● **AIM OF THE TASK**:
Send back the line that contains "Kawasaki Ninja 300 2014 3D模型 wire render" and all lines following it through the end of the data below, exactly, omitting pictures.

● **PROVIDED DATA**:
......

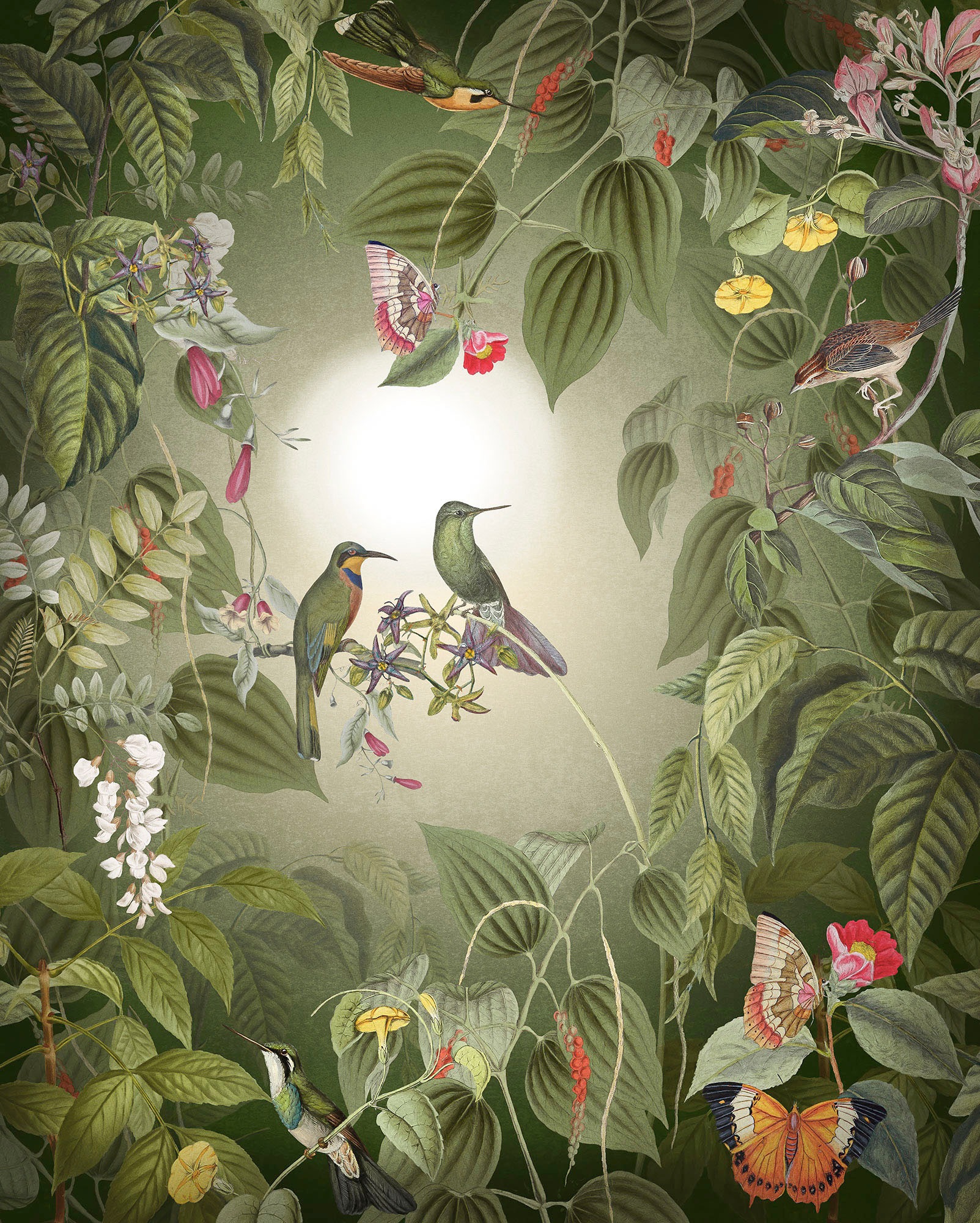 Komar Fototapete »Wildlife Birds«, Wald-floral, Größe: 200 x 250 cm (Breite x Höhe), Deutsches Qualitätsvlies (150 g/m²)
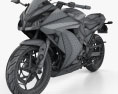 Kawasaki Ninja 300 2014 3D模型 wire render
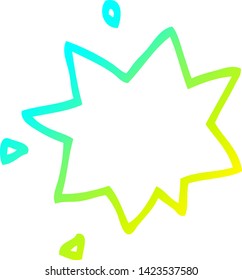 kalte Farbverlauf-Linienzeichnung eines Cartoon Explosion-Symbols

......

● **WRITTEN SOLUTION**:
 Kawasaki Ninja 300 2014 3D模型 wire render
 kalte Farbverlauf-Linienzeichnung eines Cartoon Explosion-Symbols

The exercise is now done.